Sifelani Tsiko
Harare
Is there any way that we could do as Africans to come up with a basic indigenous conception of human rights?
[align=right] It is often assumed that the concept of human rights is new and seemingly "awkward" to Africans.[/align] But academics at the Indaba de-mystified this notion and traced important human rights concepts inherent in African communities that have, however, been marginalised by the dominant Western human rights discourse that deliberately ignore the fact that Africa has its own human rights culture.
The scholars agreed that colonialism, neo-colonialism and imperialism are major driving forces that annihilated African human rights.
"Human rights in Africa have been in existence for many centuries before the coming of the white man," said Maliya Sililo, a teacher and writer from Zambia. "Africans had a communal way of life, and group survival was emphasised.
"The African concept of human rights was found in praise dance, poetry and songs and in proverbs."
The Zambian scholar narrated how women would register their protest against abuse.
"Women pounding their grain would sing and deride a king or husband who abused them. In the Nyanja culture they had widespread use of proverbs as a way of restoring and fighting for their rights," she added.

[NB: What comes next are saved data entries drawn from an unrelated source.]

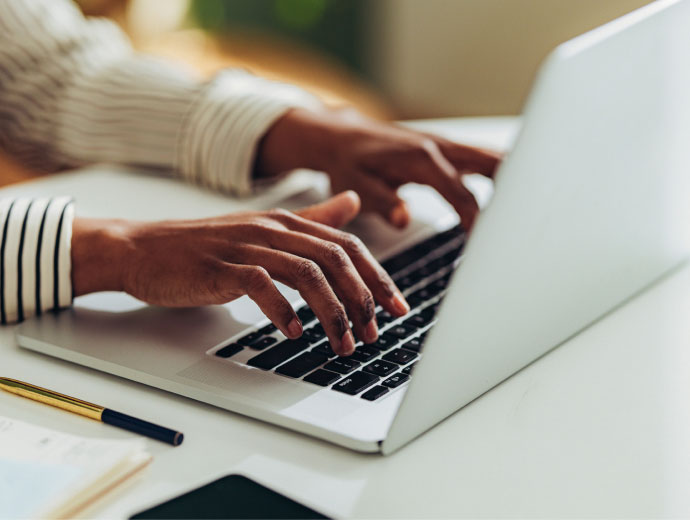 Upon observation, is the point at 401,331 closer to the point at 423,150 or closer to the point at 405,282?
the point at 405,282

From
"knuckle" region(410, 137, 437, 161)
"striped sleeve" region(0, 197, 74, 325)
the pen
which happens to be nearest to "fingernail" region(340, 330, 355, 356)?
the pen

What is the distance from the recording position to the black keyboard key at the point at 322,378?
51cm

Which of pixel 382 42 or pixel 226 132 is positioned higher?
pixel 226 132

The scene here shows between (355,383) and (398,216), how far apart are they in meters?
0.33

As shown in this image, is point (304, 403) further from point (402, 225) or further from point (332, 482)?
point (402, 225)

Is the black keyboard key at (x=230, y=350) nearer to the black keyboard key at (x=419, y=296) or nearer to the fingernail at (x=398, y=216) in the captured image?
the black keyboard key at (x=419, y=296)

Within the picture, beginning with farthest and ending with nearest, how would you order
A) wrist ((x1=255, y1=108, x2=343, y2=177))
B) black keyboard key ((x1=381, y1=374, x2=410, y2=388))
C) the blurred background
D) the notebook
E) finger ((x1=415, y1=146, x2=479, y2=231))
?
the blurred background
wrist ((x1=255, y1=108, x2=343, y2=177))
finger ((x1=415, y1=146, x2=479, y2=231))
black keyboard key ((x1=381, y1=374, x2=410, y2=388))
the notebook

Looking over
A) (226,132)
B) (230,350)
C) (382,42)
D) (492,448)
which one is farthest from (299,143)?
(382,42)

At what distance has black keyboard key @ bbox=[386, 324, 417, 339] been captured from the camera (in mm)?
577

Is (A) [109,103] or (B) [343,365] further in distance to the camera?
(A) [109,103]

"When a king abuses his verbal power, he loses the respect of the people," she said quoting a Nyanja proverb.
Sililo observed that even where Africans do not have terms to describe human rights, it does not mean that they do not exist in African culture.
"We don't have terms to describe human rights. But this does not imply that there were no human rights in indigenous African communities," she said.
"Umuntu ngumuntu ngabantu," is one adage that rings true and resonates powerfully in Africa as it teaches human values in a truly African perspective.
Simply translated, the Zulu proverb means "a person is a person because of others" and has an English equivalent - "No man is an island."
Professor Ngwabi Bhebe, a renowned Zimbabwean scholar, gave an insight into how former colonial powers - Britain, France and Belgium "at independence foisted constitutions on Africans which had provisions for the protection of human rights deriving from the Universal Declaration of Human Rights of 1948.
Then in 1981, he says, African leaders met under the auspices of the Organisation of African Unity in Nairobi and adopted the African Chapter on Human and Peoples' Rights.
In his paper titled: "Human Rights: African conceptions versus Western conceptions," Prof. Bhebe noted that both at independence and during the adoption of the African Human Rights Charter - Africans did not embrace, let alone put into practice human rights, in the form they were conceptualised and framed.
"They viewed the Bills of Rights provided in their constitutions as devices deliberately inserted by the departing colonial masters in order to protect the private property of the settlers and metropolitan investments against nationalisation and redistribution by the new African governments," he said.
The African Charter on Human Rights was therefore simply adopted to improve the "aid-worthiness" of African states in the eyes of western donors.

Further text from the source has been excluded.